The body of her teacher, Saima Irum, 30, was laid in the ground only minutes earlier. The teacher's body, too, had been found a couple of hours after the quake. Relatives said her face had been crushed.
Standing before her fresh grave, her uncle, Azmat Shaheen, said that like virtually all of the educated women in the village, his niece had chosen to teach at the Garhi Habibullah Girls High School. She had taught there for a decade. She was about to marry next month. "She devoted her life for the sake of education," Mr. Shaheen said.
The provincial police said 150 bodies had been retrieved from the schools in Garhi Habibullah, and 250 people were estimated to be still missing.

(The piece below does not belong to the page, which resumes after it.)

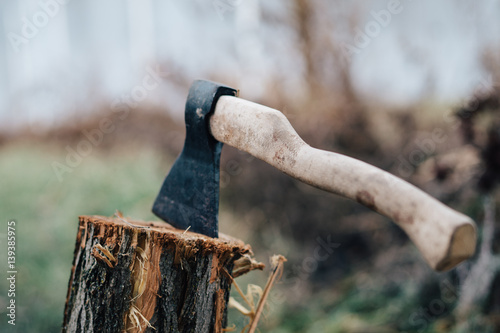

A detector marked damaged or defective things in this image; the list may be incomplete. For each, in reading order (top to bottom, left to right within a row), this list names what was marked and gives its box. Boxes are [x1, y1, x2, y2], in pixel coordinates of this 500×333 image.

rust spot on axe head [151, 80, 237, 236]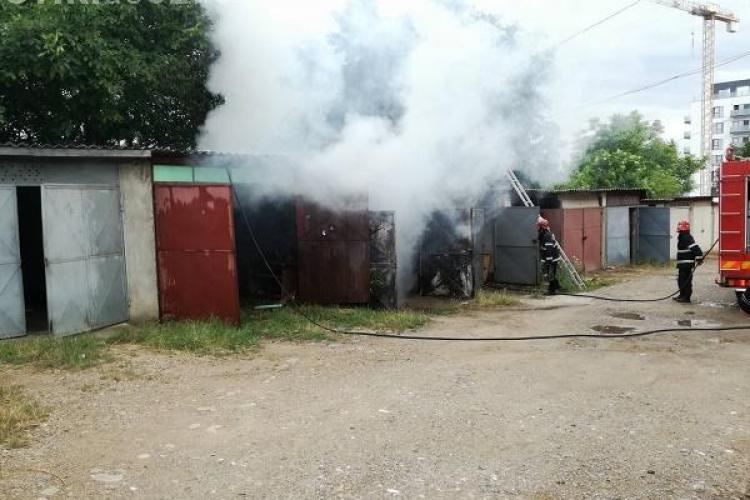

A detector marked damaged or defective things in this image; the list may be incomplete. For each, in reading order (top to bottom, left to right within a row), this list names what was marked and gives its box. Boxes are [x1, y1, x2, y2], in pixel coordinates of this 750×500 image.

Along the picturesque winding road leading down from Garhi Habibullah came taxis, pickup trucks and minivans converted into makeshift ambulances. One woman's broken leg was bandaged using a small kitchen grill for a splint.
Convoys of the wounded rolled in to Ayub Memorial Hospital in Abbotabad, a 90-minute drive south from the hills. But it, too, was in precarious straits. Tremors forced medical staff to evacuate patients onto the lawn and parking lot. Rain and hail Saturday night forced them back inside, only to spill outside once more when the next tremors came. On Sunday afternoon, the hospital's various wards were set up under flimsy cloth canopies: one for gynecology, another for psychiatric patients, another for emergency surgery.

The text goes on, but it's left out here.